Foreshadowing through Pre-Scene

1. You are in the cockpit of a plane. The plane hits turbulence, and captain struggles to regain control. All is fine.

2. You are in a Wild West saloon. The hero walks in and orders whiskey. Over in the corner, the baddie watches him drink. As the hero leaves, the baddie spits on the floor.

3. You are not very religious. But your family member is, and you are forced to say a prayer. Only, you do it in a very mocking tone.

Foreshadowing an Approaching Event (Raise the stakes of the event so much that the reader is waiting to see what happens)

4. Fred left the house at eleven o’clock and drove into town. He was meeting his father for lunch at Brown’s. Officially, they were just ‘catching up’, but they both knew Fred needed money again – and not such a small amount this time, either.

5. The Gathering always happened on the last new moon of the year. Everyone had grown restless as the equinox came and went.

Using Irrational Concern. (Character is irrationally afraid of something)

6. A teenage girl leaves the house for an evening out with her friends. Her mother makes her promise to be back before midnight. The girl kisses her mother and tells her she worries too much. She’ll be fine, she says.

7. A man is worried about being buried alive or early burial, or mistaken burial.

8. A man is invited to his long-lost friend’s house, way out in the country. He knows only that something strange has happened to his friend. As he approaches, he is filled with fear about the house, and the desolate nature around it, and he especially sees a crack, a fissure in the house that is strange.

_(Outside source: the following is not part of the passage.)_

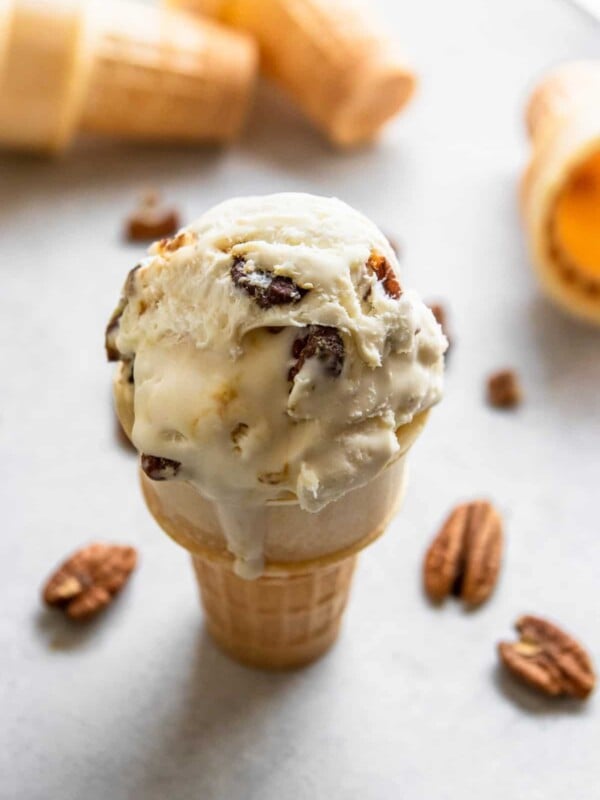 butter pecan ice cream cone with pecans beside it.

Using Character Apprehension – (Character is scared about something)

9. As a man gets ready for work, we see that he is tense and sweating. His wife kisses him goodbye and wishes him good luck. The man throws her an uneasy look and picks up his briefcase.

Using Dialogue and Character Opinion.

10. “I suppose there was talk in our house, afterward.”

11. I told myself there would be no more bodies, but I didn’t believe a word of it.

12. “Does this safari guarantee I come back alive?” Reply: “We guarantee nothing!”

Showing a loaded Gun – (if you show a gun, you have to fire it)

13. An old man is sitting at his desk looking at his stamp collection. When he opens the drawer for his magnifying glass, his fingers brush against something…

14. You visit a fortune teller. She looks into her crystal ball, then suddenly closes her eyes and crosses herself.

15. A man is at his breakfast table, when he sees something he considers lucky on the floor.

Foreshadowing Through Symbolic Omens

16. The first thing Mary saw when she pulled back the curtains was a solitary magpie sitting on the fence. She waited for a second bird to appear, but no magpie came

17. Or Mary can just open her curtains and see storm clouds gathering on the horizon.

18. The leaves fell early that year.

1. Foreshadowing with a “Pre-Scene”

A pre-scene is simply a smaller version of a larger scene to come. They are not significant by themselves, but they imply that there is something more spectacular waiting to happen right around the corner.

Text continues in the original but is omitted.